Exercise goal: The answer must consist solely of the lines from the one containing "在飛比找樂天市場購物網優惠-QinD Apple iPhone SE 2020 抗藍光膜" through the last line of the records, set down exactly and without any pictures.

Short descriptive text snippets

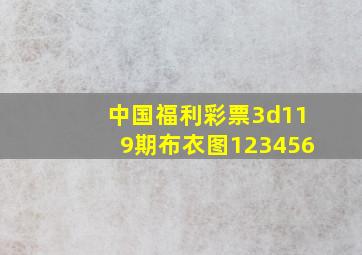 中国福利彩票3d119期布衣图123456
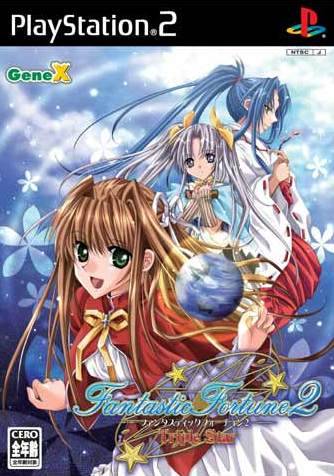 Fantastic Fortune 2: Triple Star image 1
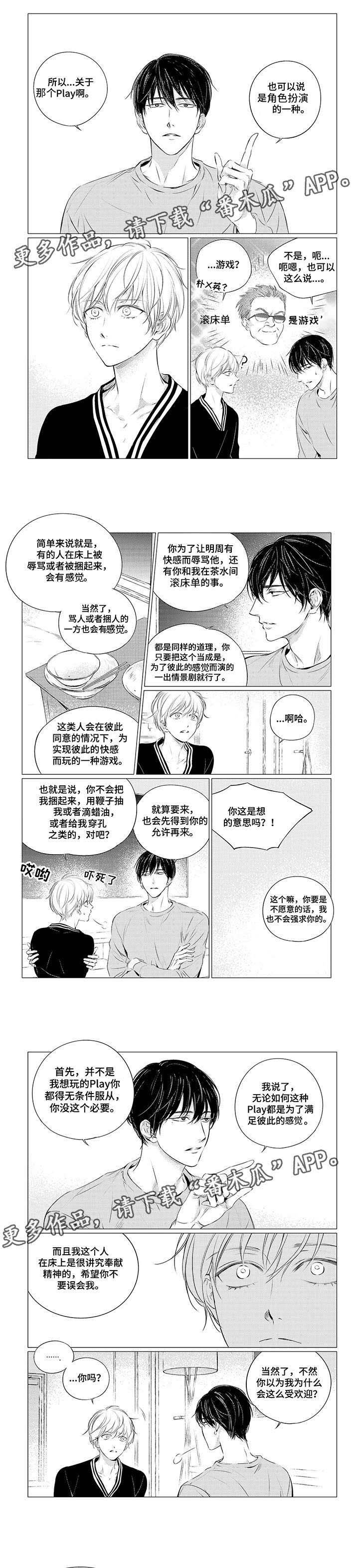 第14章：一般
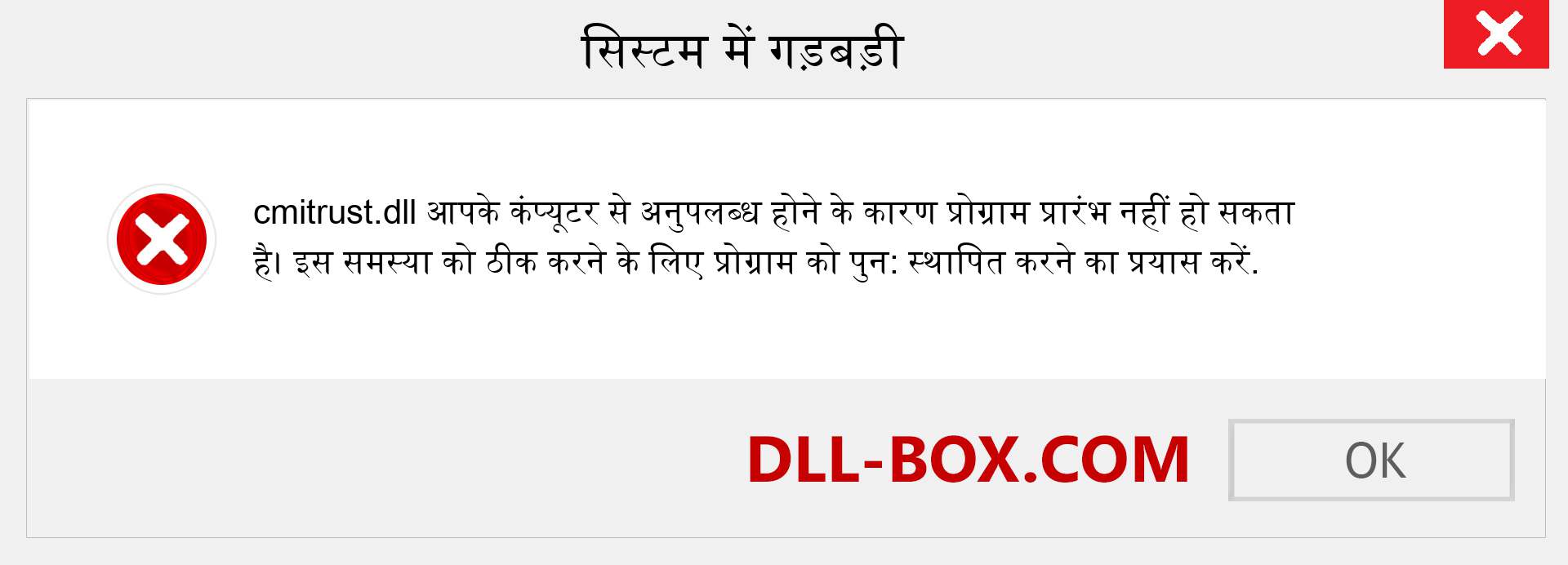 cmitrust.dll फ़ाइल गुम है?. विंडोज 7, 8, 10 के लिए डाउनलोड करें - विंडोज, फोटो, इमेज पर cmitrust dll मिसिंग एरर को ठीक करें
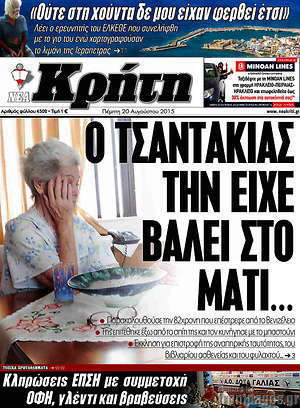 Πρωτοσέλιδο Νέα Κρήτη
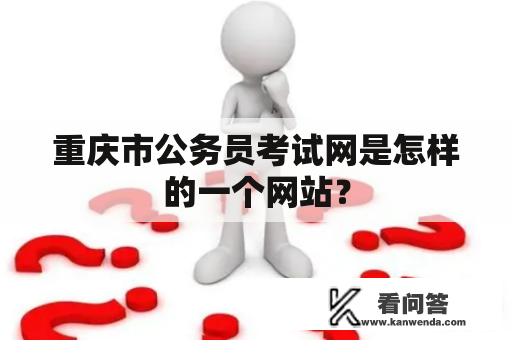 重庆市公务员考试网是怎样的一个网站？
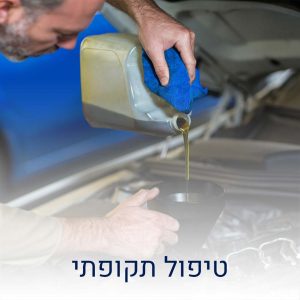 טיפול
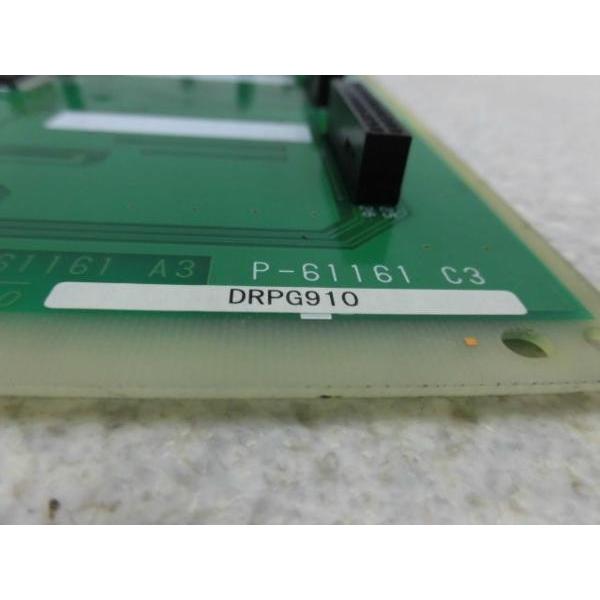 DRPG910 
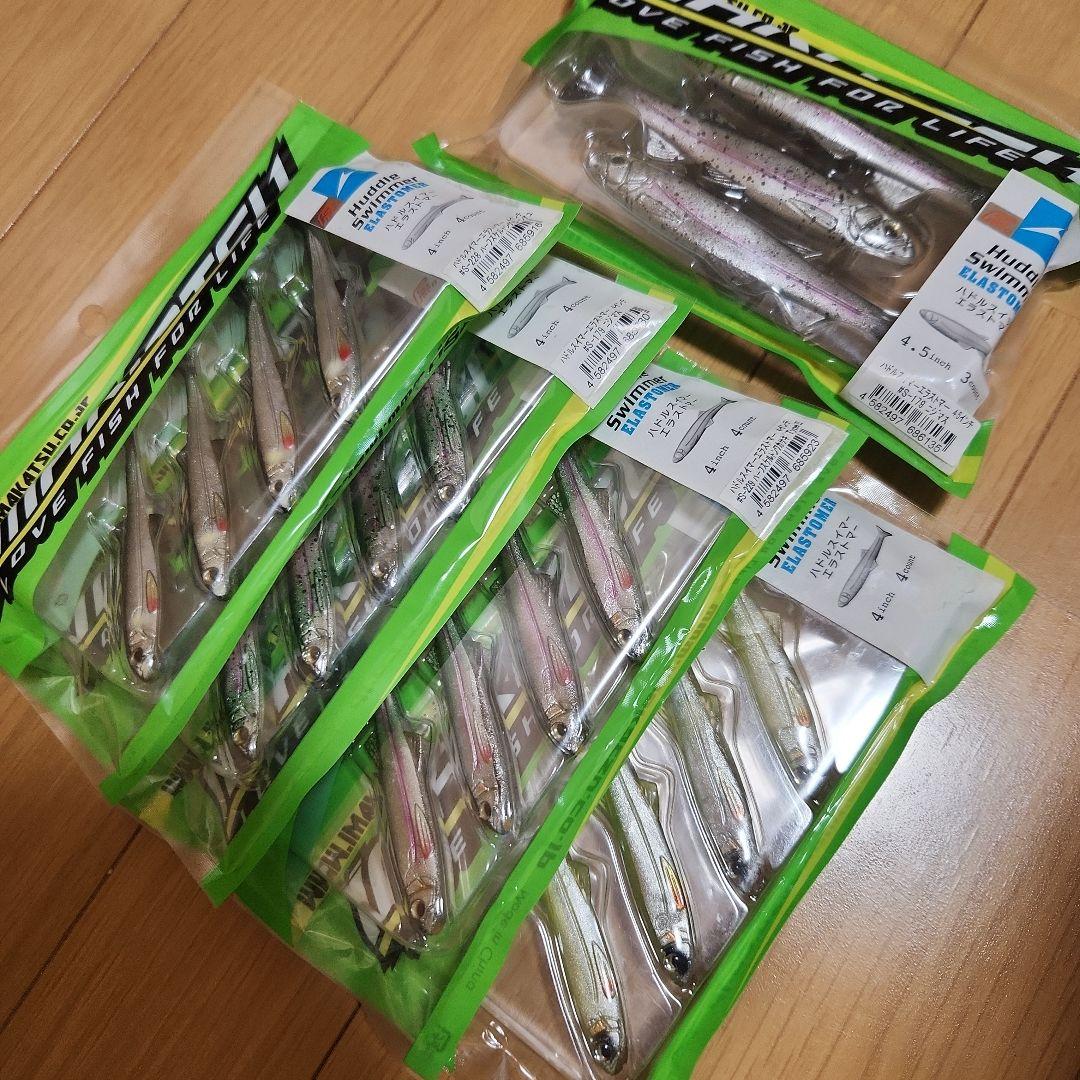 旧型ハドルスイマーエラストマー4inch 4.5inch値下げ交渉可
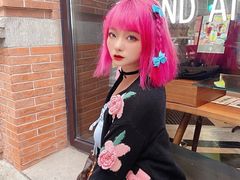 -星巴克臻选®️咖啡·酒坊Bar Mixato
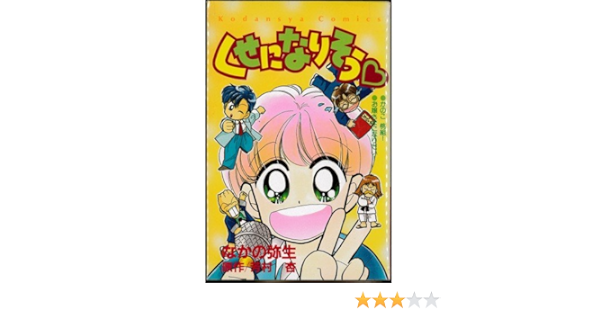 くせになりそう 講談社コミックスなかよし なかの 弥生 本 通販 Amazon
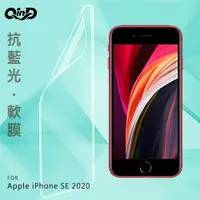 在飛比找樂天市場購物網優惠-QinD Apple iPhone SE 2020 抗藍光膜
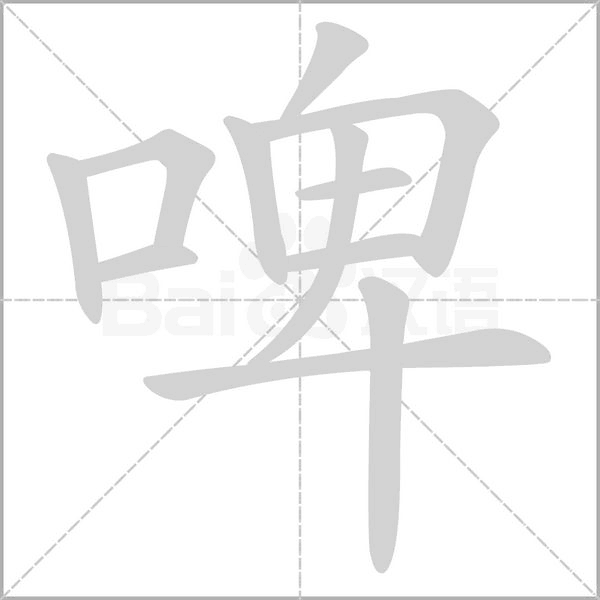 啤的筆順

Answer space:
 在飛比找樂天市場購物網優惠-QinD Apple iPhone SE 2020 抗藍光膜
 啤的筆順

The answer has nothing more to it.